ADPF das Favelas: STF retoma julgamento nesta quarta (26) em meio a embate sobre segurança pública
Autoridades policiais do RJ disseram no Senado que ação prejudicou segurança; delegado falou que comunidades são locais de "MBA do crime organizado"

Rafael Porfírio
O Supremo Tribunal Federal (STF) volta a se debruçar nesta quarta-feira (26) sobre a ADPF das Favelas, ação que busca reduzir mortes em operações policiais no Rio de Janeiro.
O processo, iniciado em 2019 pelo PSB (ADPF 635), já resultou em restrições importantes, como o uso controlado de helicópteros, a exigência de câmeras nas fardas e viaturas e a comunicação prévia das operações ao Ministério Público e a outras autoridades.
No mês passado, o julgamento foi interrompido após o voto do relator, ministro Edson Fachin, que defendeu a manutenção dessas restrições e sugeriu novos ajustes. Agora, o debate será retomado com o voto do ministro Flávio Dino, seguido dos demais integrantes da Corte.
Fogo cruzado entre o STF e a segurança pública?
Se, por um lado, a ação visa reduzir o número de mortes nas operações, por outro, enfrenta resistência de setores da segurança pública.
Nessa terça (25), a Comissão de Segurança Pública (CSP), do Senado Federal, recebeu representantes da segurança pública e outros convidados para debater a violência policial em favelas do estado do Rio de Janeiro.
O secretário de Segurança Pública do Rio de Janeiro, Victor César Carvalho dos Santos, defende que a ADPF seja derrubada. Ele afirmou que o verdadeiro problema do estado não são as operações policiais, mas o crime organizado.
+ Guerra entre facções causa pânico e bloqueia vias na zona norte do Rio
"A gente entende que realmente o Rio de Janeiro vive um estado de coisas inconstitucionais há décadas, não é só de hoje [...] Quando a gente fala de organização criminosa, não é só o tráfico de drogas. Você tem o tráfico, tem a milícia, tem o jogo do bicho. Esses são realmente os causadores desse estado de coisas que vive o Rio de Janeiro. Quem deu causa a isso não foram as forças de segurança pública, mas sim as organizações criminosas."
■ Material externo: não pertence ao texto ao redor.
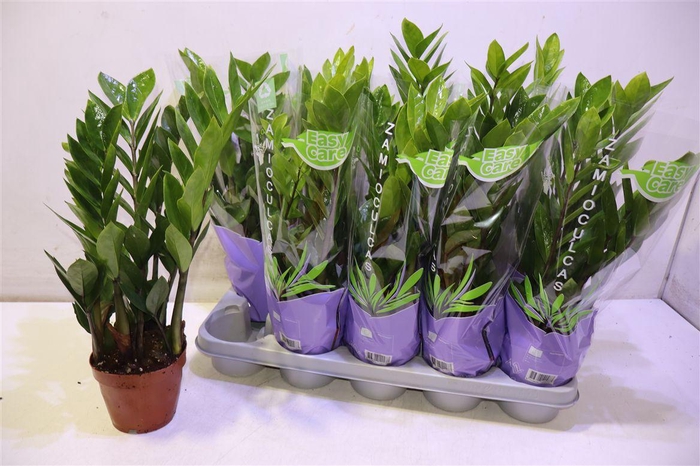 <h4>Zamio Zamiifolia</h4>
A expansão das facções foi destaque da Polícia Civil. O delegado André Luiz de Souza Neve, diretor do departamento de Polícia Especializada, afirmou que a ação criou um cenário em que o crime se fortaleceu e atraiu criminosos de outros estados.
"Isso fez com que esses grandes complexos se tornassem um grande local de MBA do crime organizado pelo Brasil. E a gente vem analisando que esse modelo de enfrentamento, típico do Comando Vermelho, vem se espalhando para diversos Estados."
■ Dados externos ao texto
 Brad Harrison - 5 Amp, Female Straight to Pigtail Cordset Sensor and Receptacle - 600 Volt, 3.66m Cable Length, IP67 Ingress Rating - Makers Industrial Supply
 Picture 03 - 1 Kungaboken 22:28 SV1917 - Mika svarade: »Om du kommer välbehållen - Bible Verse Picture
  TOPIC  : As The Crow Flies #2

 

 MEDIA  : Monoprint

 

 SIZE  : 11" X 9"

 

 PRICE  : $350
Já o secretário de Polícia Militar, coronel Marcelo de Menezes Nogueira, destacou a necessidade de uma estratégia nacional, com envolvimento do governo federal e dos Estados, porque as organizações criminosas já operam como verdadeiras máfias.
+ Operação mira suspeitos de envolvimento na morte de policial penal no Rio
"Perdeu-se a capacidade de fornecer segurança pública, de maneira rotineira, para determinada parcela da população. Existem pessoas no Rio de Janeiro que não têm a capacidade de usufruir desse serviço prestado a outras regiões da cidade."
A sugestão para a audiência pública na véspera do julgamento no STF partiu do presidente da Comissão de Segurança Pública, senador Flávio Bolsonaro (PL-RJ). Ele informou que o relatório completo sobre a encontro será enviado ao Supremo. Além disso, o senador destacou que o colegiado poderá apresentar ao STF avaliações sobre a ação.
"Quem é do Rio de Janeiro sabe das gravíssimas consequências dessa ADPF na segurança pública do nosso estado, e, por consequência, em outros estados também, já que, lamentavelmente, o Rio virou um grande laboratório do crime organizado, no qual as pessoas que compõem organizações criminosas, seja de tráfico de drogas, seja de quadrilhas de roubo de carga, seja de milícias - acabam fazendo uma espécie de escola, um estágio, para outros criminosos de outros estados."
O que esperar do STF?
No meio desse tiroteio político e jurídico, o STF precisa decidir se mantém ou altera as restrições impostas pela ADPF.
O placar segue em aberto. Apenas o ministro Edson Fachin votou.
+ Fachin vota a favor de "ADPF das Favelas", que quer reduzir letalidade policial
O ministro propôs novas regras, como a exigência de relatórios detalhados ao final de cada operação policial e o repasse de informações das forças de segurança ao Ministério Público.
Nos bastidores, há rumores de que os ministros podem buscar um meio-termo para tentar conciliar segurança pública e direitos humanos.
Em termos simples: o que é ADPF?
A Arguição de Descumprimento de Preceito Fundamental (ADPF) é um tipo de ação que pode ser levada ao Supremo Tribunal Federal (STF) quando alguém acredita que uma lei ou prática está desrespeitando princípios básicos da Constituição.
É como se alguém chegasse para o STF e dissesse: "Olha, isso que está acontecendo ou essa regra que estão aplicando vai contra os direitos fundamentais que a Constituição garante. Dá uma olhada nisso!".
O STF, então, analisa o caso e decide se aquela norma ou prática precisa ser corrigida, alterada ou até anulada para garantir que a Constituição seja respeitada.
No caso da ADPF das Favelas, a discussão é se a forma como as operações policiais acontecem no Rio de Janeiro fere direitos fundamentais, como o direito à vida e à dignidade.